Januari lalu, giliran Bank Indonesia merealisasikan pernyataannya mengenai tersedianya room untuk pelonggaran dengan menurunkan BI Rate, publikasi itu ‘termakan’ hingar bingar berita mengenai teror yang menimpa Ibu Kota. Sejak menjelang siang hari, media –terutama televisi dan daring –tak henti-hentinya menyampaikan setiap detik perkembangan serangan teroris yang terjadi di kawasan bisnis dan pemerintahan, Jalan MH Thamrin, Jakarta.
Akan tetapi apakah ini berarti dampak kebijakan ini akan tertelan dengan kecemasan pelaku ekonomi atas serangan teroris itu? Jawabanya tidak. Ada setidaknya dua faktor yang menguatkannya. Pertama, seperti diungkapkan banyak pihak, teror bom di Indonesia tidak akan berdampak lama bagi ekonomi.
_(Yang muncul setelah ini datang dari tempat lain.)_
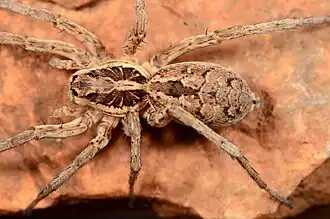 female H. zuluana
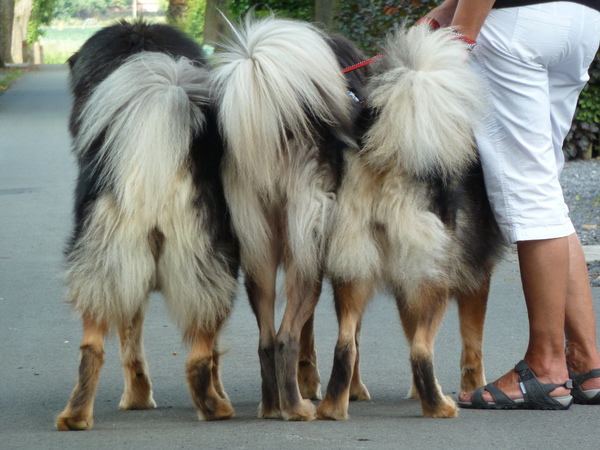 Drie Tibetaanse Mastiff kont(jes )
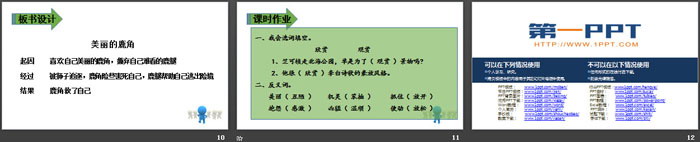 图片[3]-美丽的鹿角-第一PPT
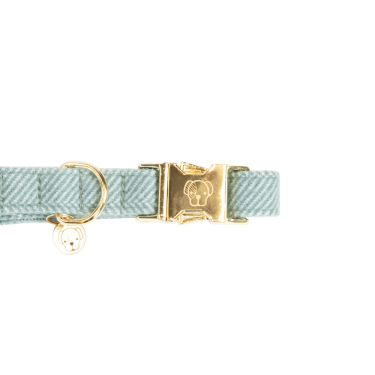 Collier pour chien Wool Kentucky Bleu clair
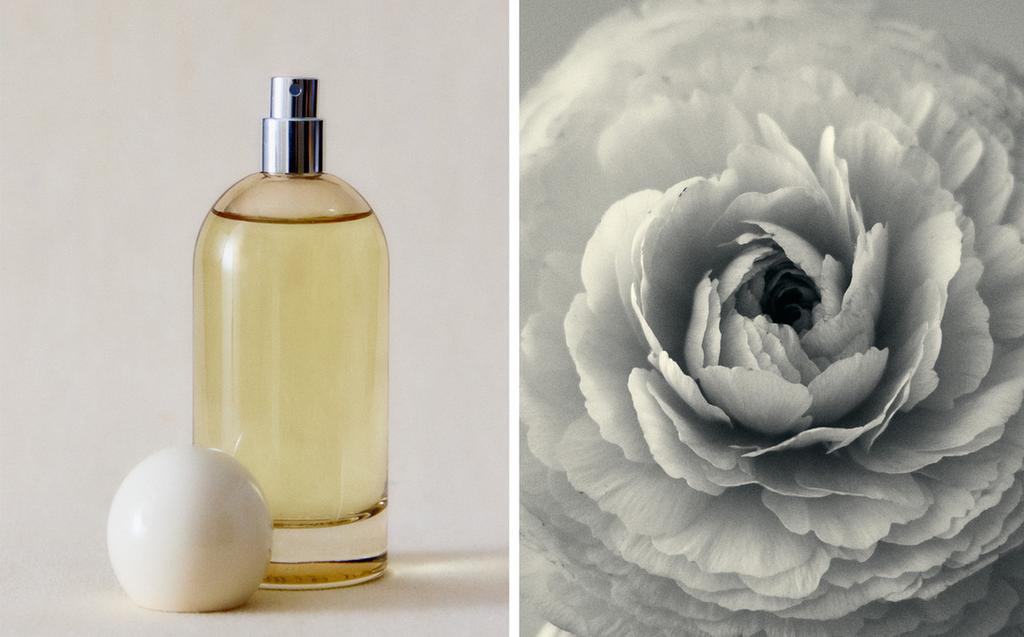 (100 ml) clean blossom air freshener spray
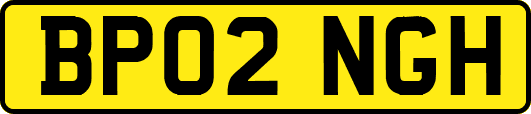 BP02NGH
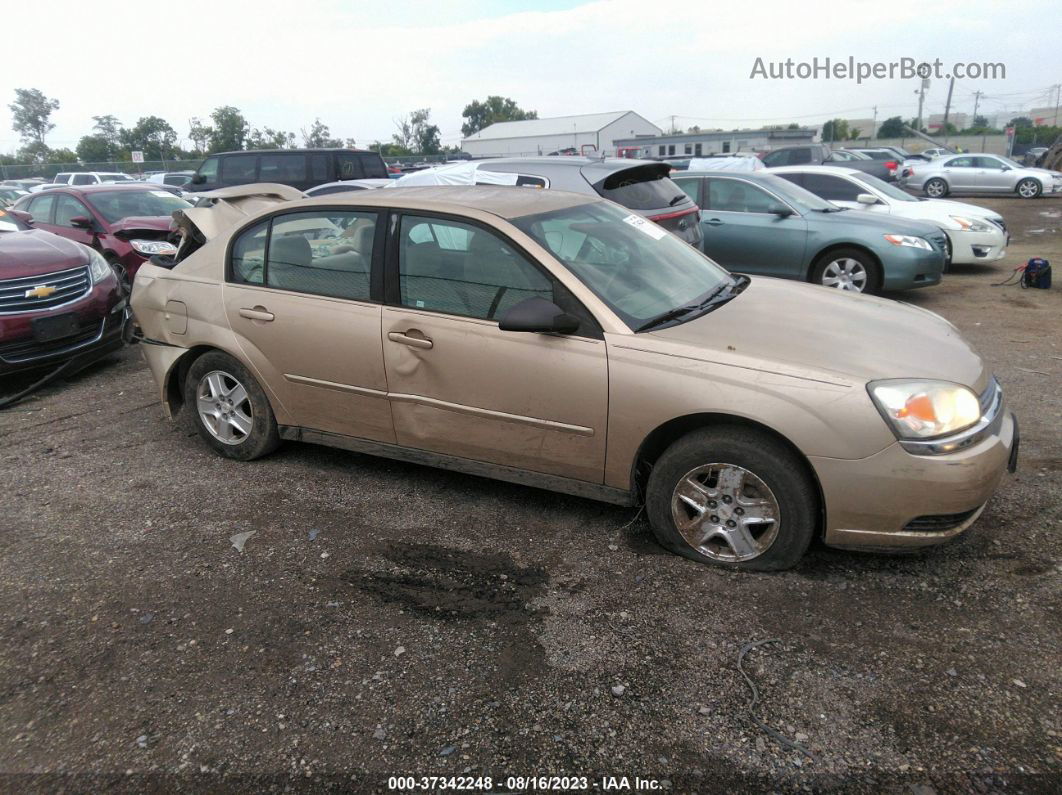 2004 Chevrolet Malibu Ls Золотой vin: 1G1ZT54844F205716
Paling lama sentimen negatif dari teror bom dan serangan tersebut hanya bertahan satu minggu. Pengalaman saat peristiwa Bom JW Marriot dan Bom Bali 1 dan 2 sudah membuktikan hal itu.
Kedua, terkait dengan yang pertama, teror bom beserta dampak negatifnya itu hanya menciptakan sentimen negatif yang berarti hanya sementara, sedangkan penurunan BI Rate adalah fundamental. Mengapa fundamental, karena dengan turunnya bunga acuan maka pengenaan suku bunga kredit bank akan ikut turun, seharusnya. Turunnya suku bunga akan menekan biaya dana bank (cost of fund) dan juga biaya dana yang siap dipinjamkan (cost of loanable fund/COLF)
Cara yang paling sederhana dan mudah untuk menghitung biaya dana bank yaitu hanya menjumlahkan seluruh biaya yang dikeluarkan berkenaan dengan penghimpunan dana (funding) dibagi dengan total dana yang dihimpun bank pada tahun yang sama. Karena bunga untuk funding biasanya akan cepat menyesuaikan begitu ada perubahan BI Rate maka biaya dana otomatis juga akan turun.
Sementara itu, perhitungan COLF adalah dengan memasukan biaya penempatan dana pada giro wajib minimum di BI pada angka cost of fund. Setelah tahun angka biaya dana yang siap dipinjamkan maka bank akan menambahkan dengan biaya-biaya atau angka lainnya untuk kemudian menjadi suku bunga dasar kredit. Di antaranya adalah profit margin, pajak atas profit margin, cadangan, dan biaya overhead dan tenaga kerja.
Meskipun bank bisa saja berkilah bahwa penurunan BI Rate tidak akan menurunkan bunga kredit karena biaya-biaya lainnya meningkat, tetapi setidaknya kita tahu bahwa penurunan BI Rate telah menurunkan biaya dana bagi bank.
Jika ternyata suku bunga kredit masih tidak turun juga, sudah seharusnya pemerintah, pengamat, serta pelaku pasar beralih untuk menyindir pemilik bank. Karena kalau tidak begitu, malang benar nasib kebijakan BI.